Short web captions:
>>>

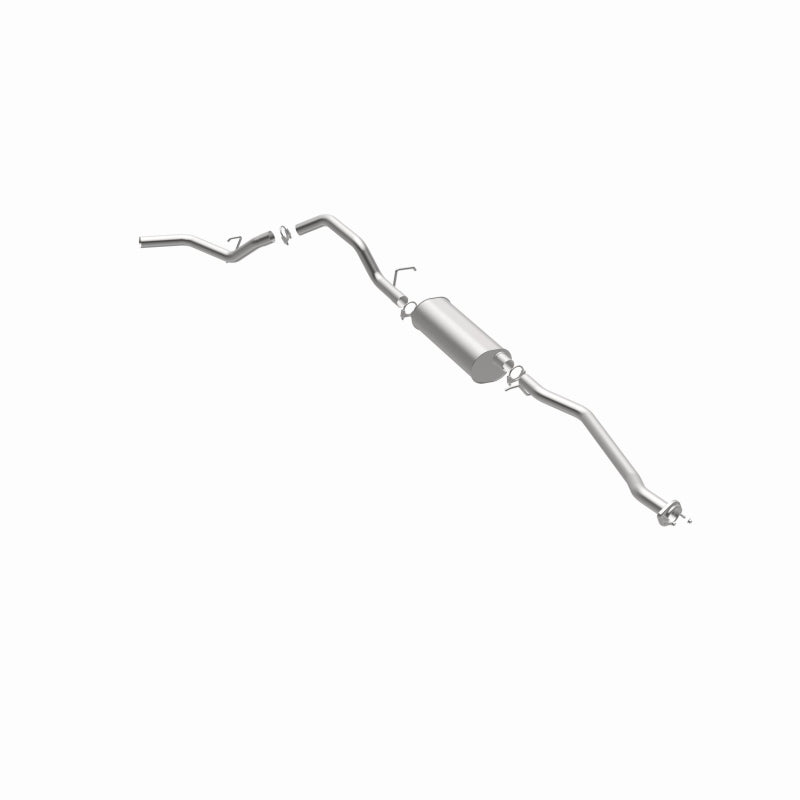 Magnaflow 106-0509 - MAG106-0509 - MagnaFlow BRE Exhaust Kit 02-07 Silverado Sierra - Shipped in Europe - Tuningsupply.com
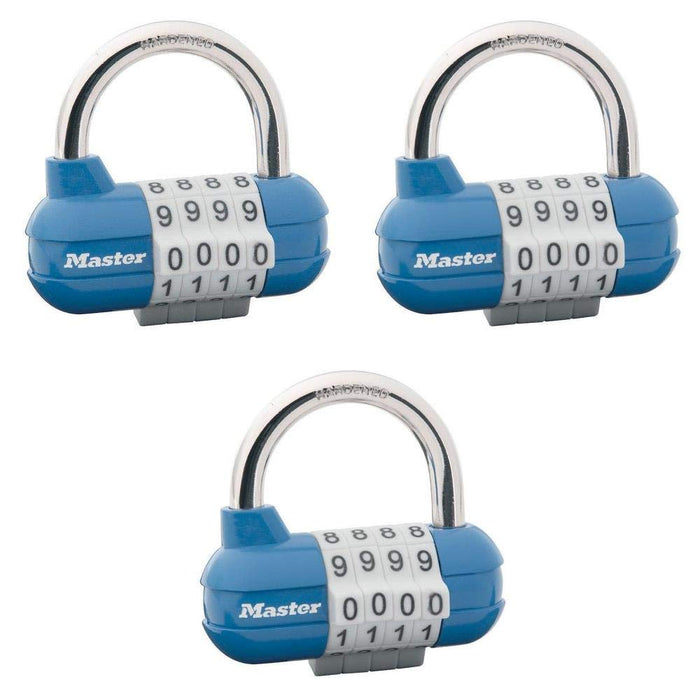 1533TRI Combination Lock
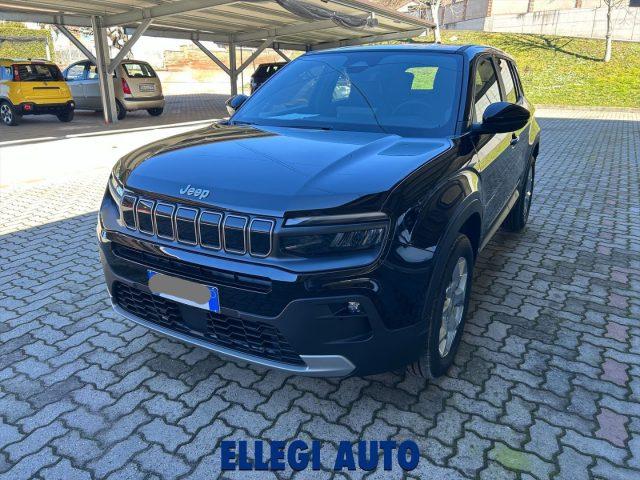 JEEP Avenger 1.2 Turbo 110 CV MHEV Altitude KM 0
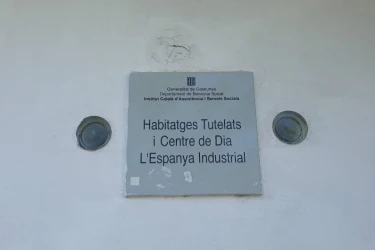 Viviendas tuteladas Espanya Industrial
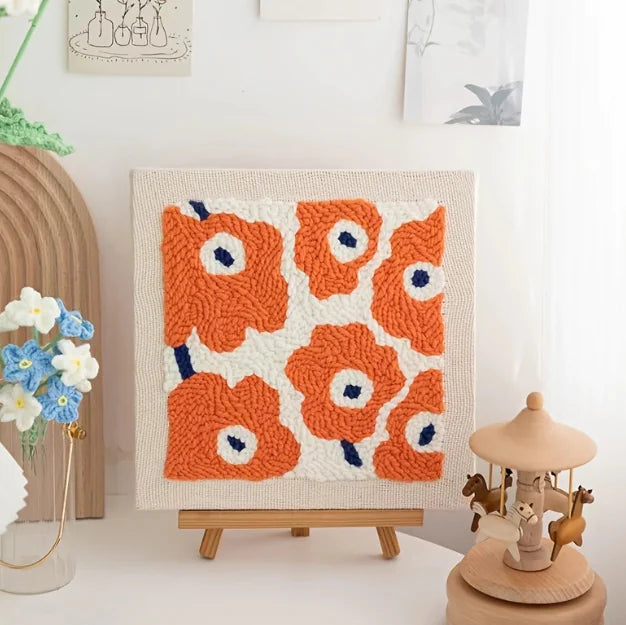 Russia Poke Embroidery Poke Diy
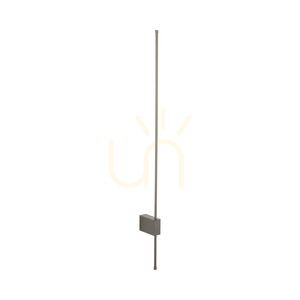 Lixa Brown 12 W LED-vägglampa small 5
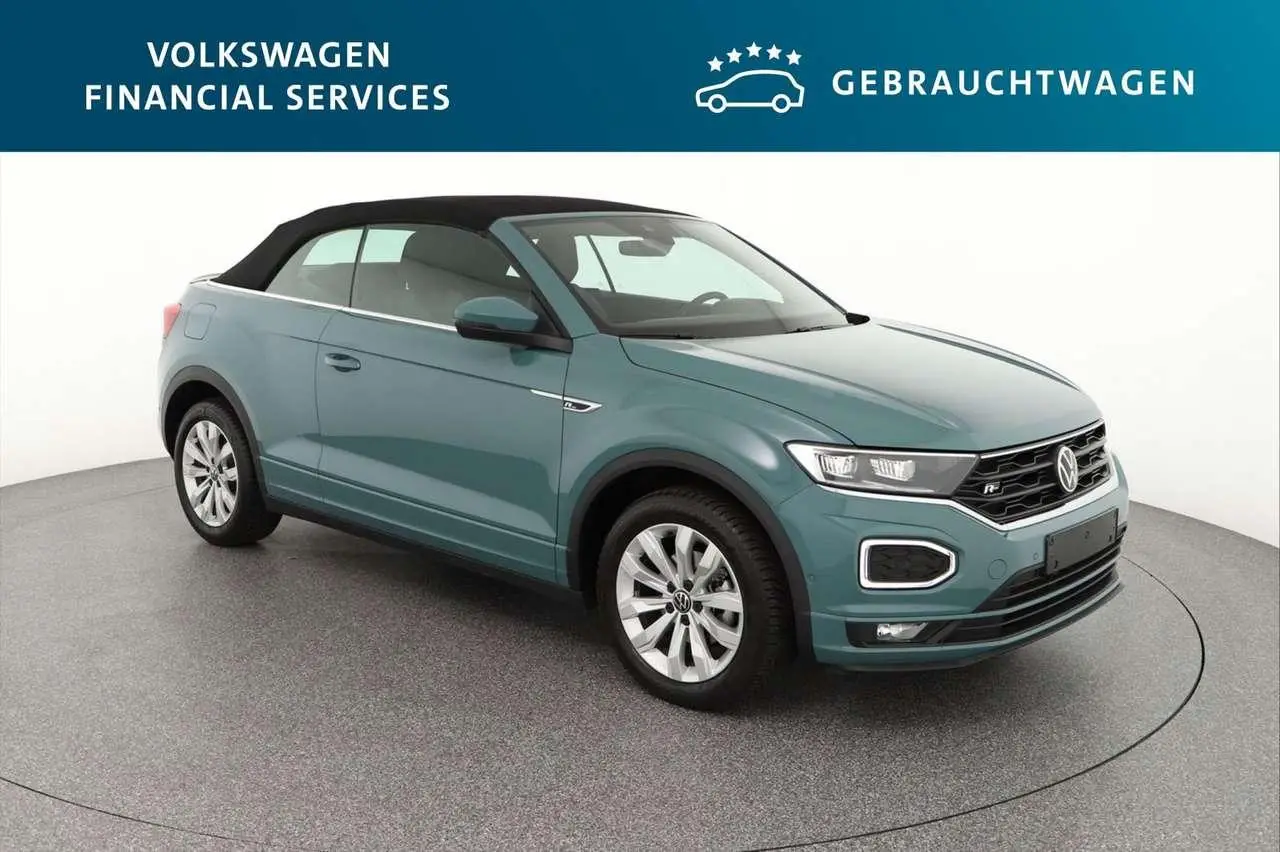 Photo 1 : Volkswagen T-roc 2021 Essence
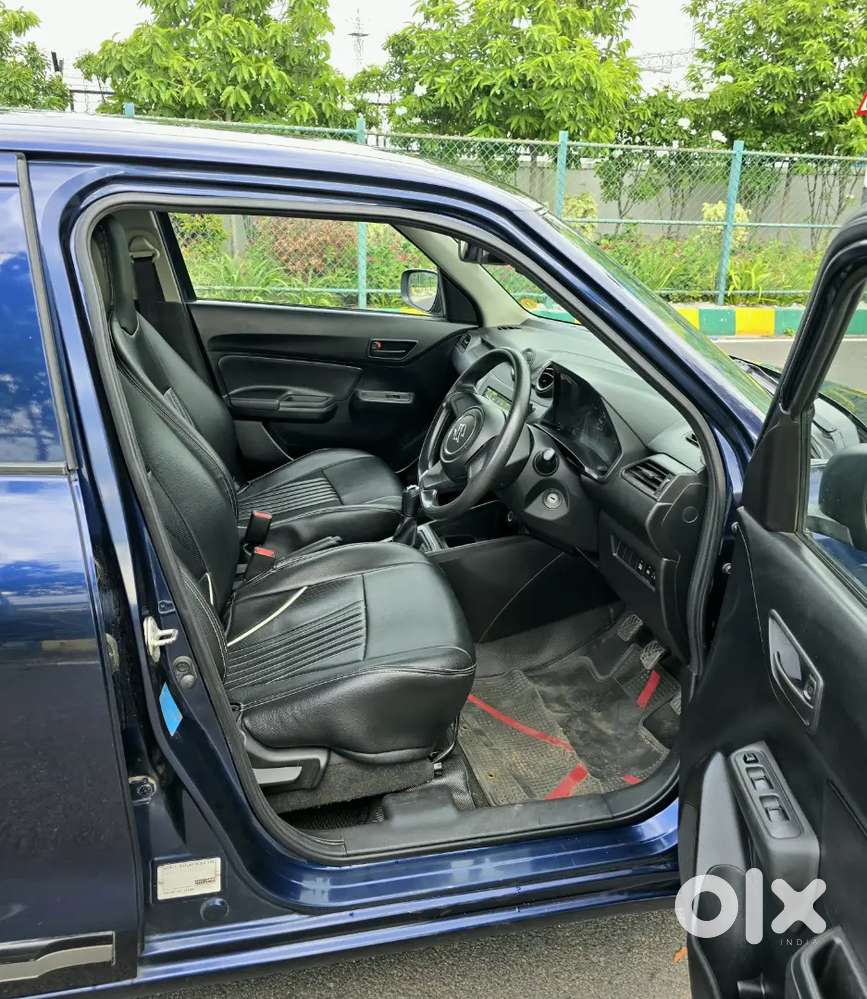 Maruti Suzuki Swift 2018 Petrol 80000 Km Driven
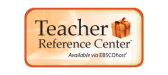 Teachers Reference Center Logo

<<<

## Aim of the exercise
The full set of entries should be transcribed exactly, pictures left aside.

## Written response
 Magnaflow 106-0509 - MAG106-0509 - MagnaFlow BRE Exhaust Kit 02-07 Silverado Sierra - Shipped in Europe - Tuningsupply.com
 1533TRI Combination Lock
 JEEP Avenger 1.2 Turbo 110 CV MHEV Altitude KM 0
 Viviendas tuteladas Espanya Industrial
 Russia Poke Embroidery Poke Diy
 Lixa Brown 12 W LED-vägglampa small 5
 Photo 1 : Volkswagen T-roc 2021 Essence
 Maruti Suzuki Swift 2018 Petrol 80000 Km Driven
 Teachers Reference Center Logo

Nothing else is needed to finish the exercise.